* Work order *
Taking the line with "4015 Richmond Avenue, Shreveport, LA 71106" as the first and the last line of the listing as the final one, please copy exactly those lines and no others, without pictures.

* Given information *
:::

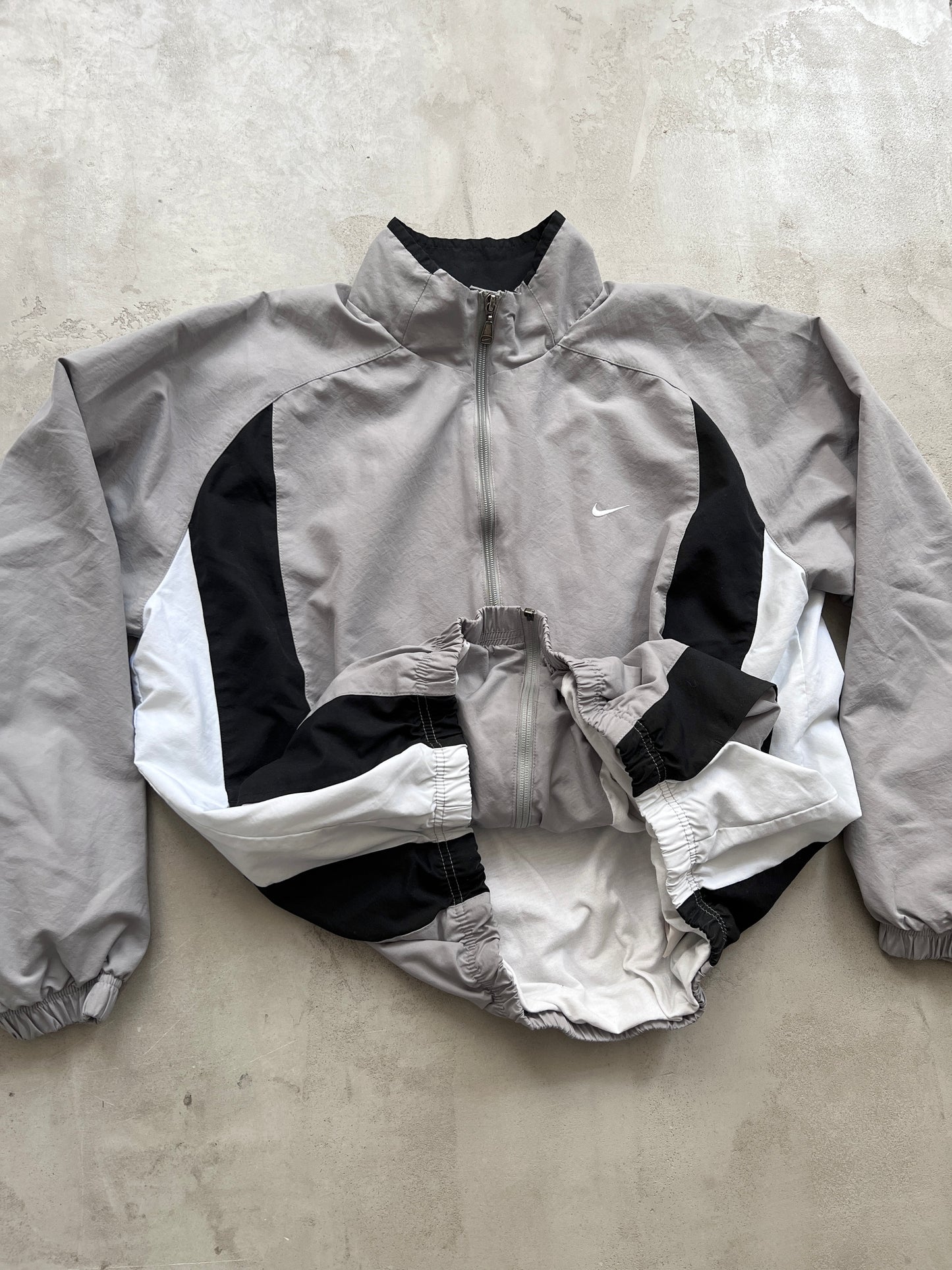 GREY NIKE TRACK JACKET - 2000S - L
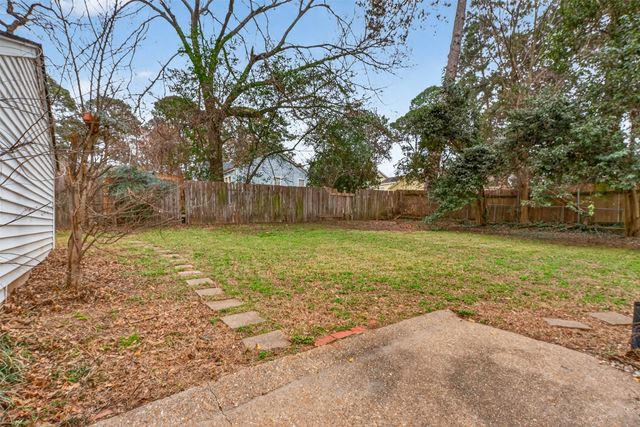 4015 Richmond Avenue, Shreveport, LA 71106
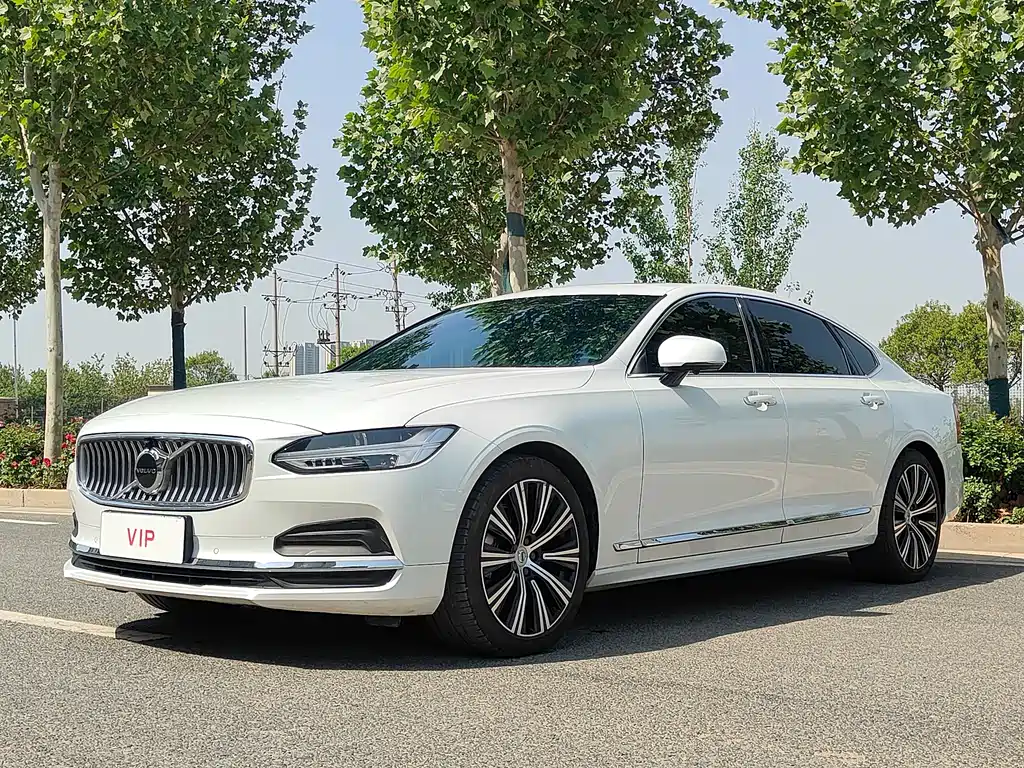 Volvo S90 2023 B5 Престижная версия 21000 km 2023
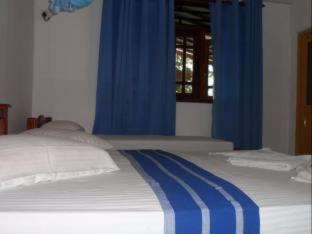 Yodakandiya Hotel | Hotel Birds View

:::

* Exercise solution *
 4015 Richmond Avenue, Shreveport, LA 71106
 Volvo S90 2023 B5 Престижная версия 21000 km 2023
 Yodakandiya Hotel | Hotel Birds View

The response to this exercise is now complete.